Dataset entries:
◇ ◇ ◇ ◇ ◇
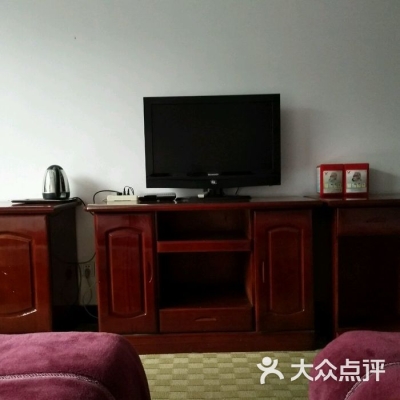 赤峰御龍賓館電話號(hào)碼查詢是多少-第1張圖片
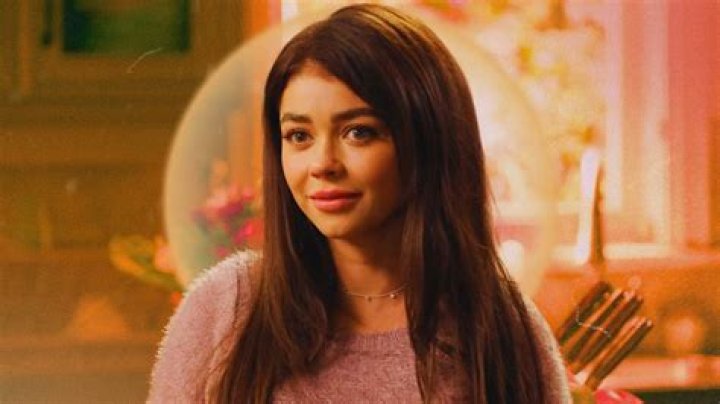 Haley Dunphy (Sarah Hyland) Sang &lsquo;Midnight Train to During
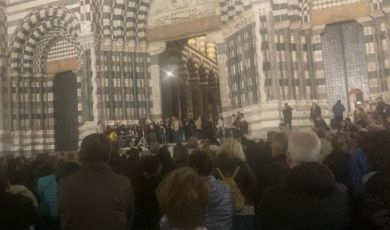Genova, in centinaia alla preghiera in San Lorenzo per la pace in Medioriente. L’Arcivescovo Tasca: “Bisogna far pace con la propria storia”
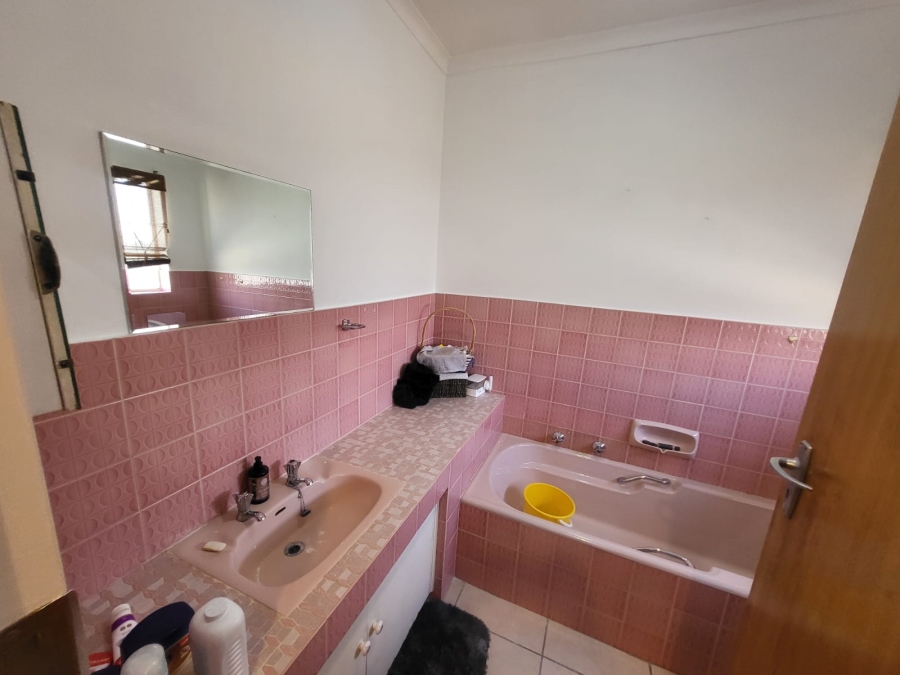 3 Bedroom Property for Sale in Risana Gauteng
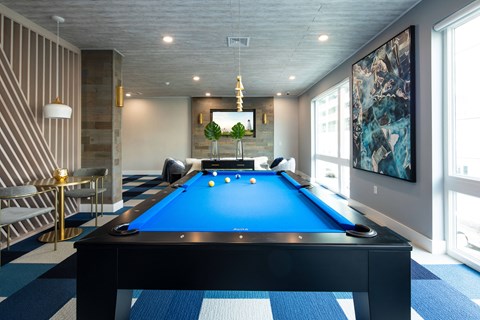 Lounge & Billiards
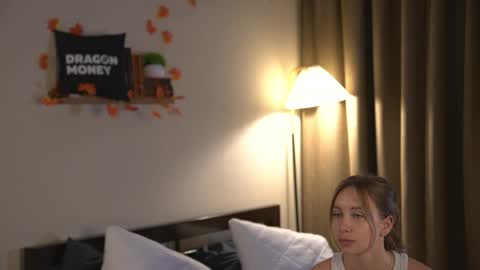 Elley  online show from November 5, 6:57 am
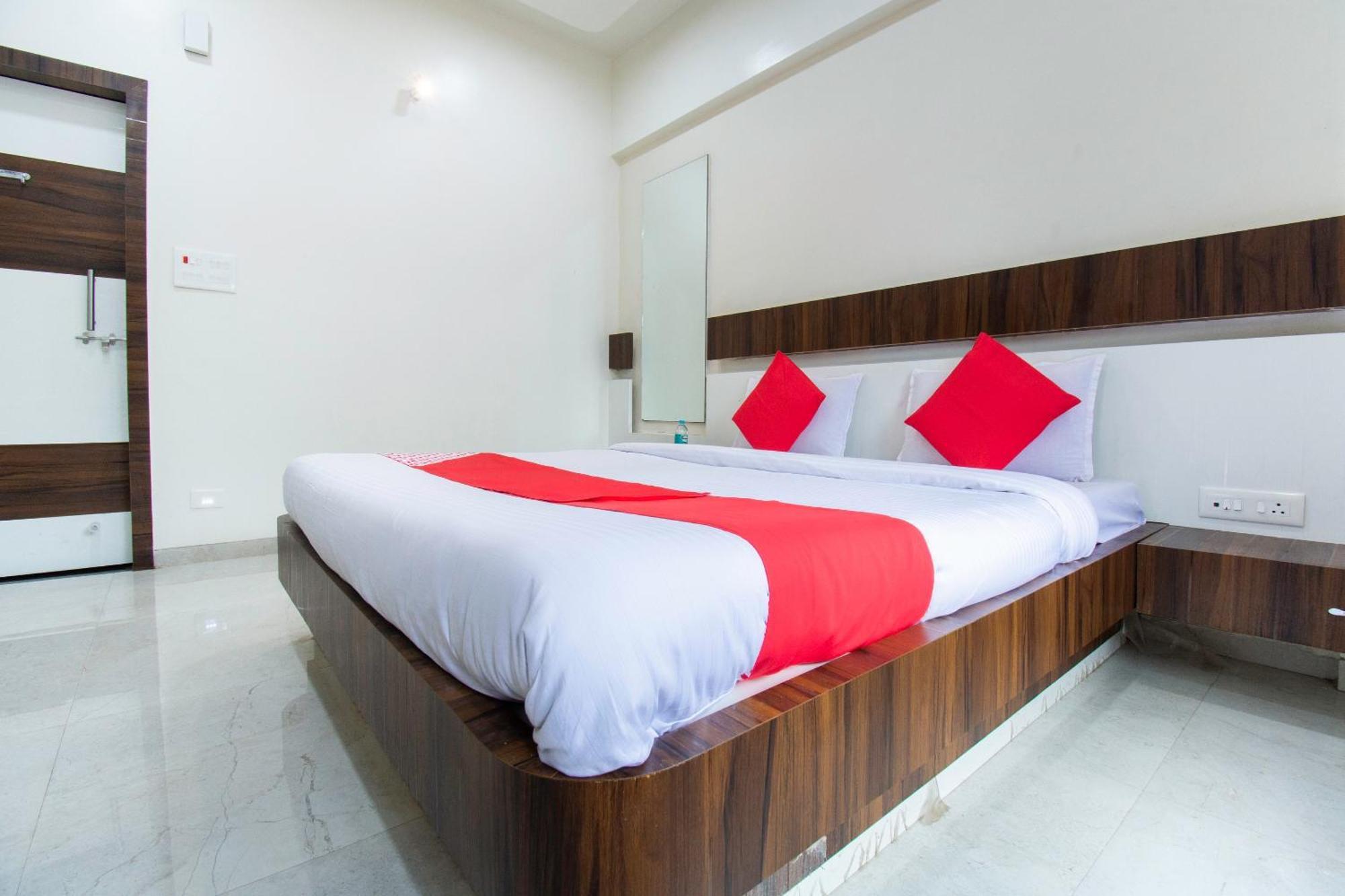 Hotel O Hari Vitthala Palace Sonai Exterior photo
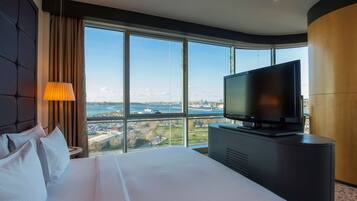 Room, 1 King Bed, Sea View, Corner | Premium bedding, in-room safe, laptop workspace, blackout drapes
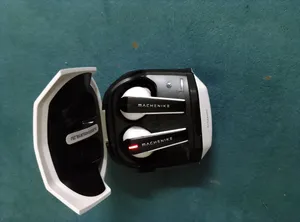 للبيع سماعه مخصصه للالعاب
◇ ◇ ◇ ◇ ◇
▸ **What is required**:
Nothing but the lines above from the line with "Haley Dunphy (Sarah" up to and including the line with "Lounge & Billiards" should be returned, exactly as written and without pictures.

▸ **Answer area**:
 Haley Dunphy (Sarah Hyland) Sang &lsquo;Midnight Train to During
Genova, in centinaia alla preghiera in San Lorenzo per la pace in Medioriente. L’Arcivescovo Tasca: “Bisogna far pace con la propria storia”
 3 Bedroom Property for Sale in Risana Gauteng
 Lounge & Billiards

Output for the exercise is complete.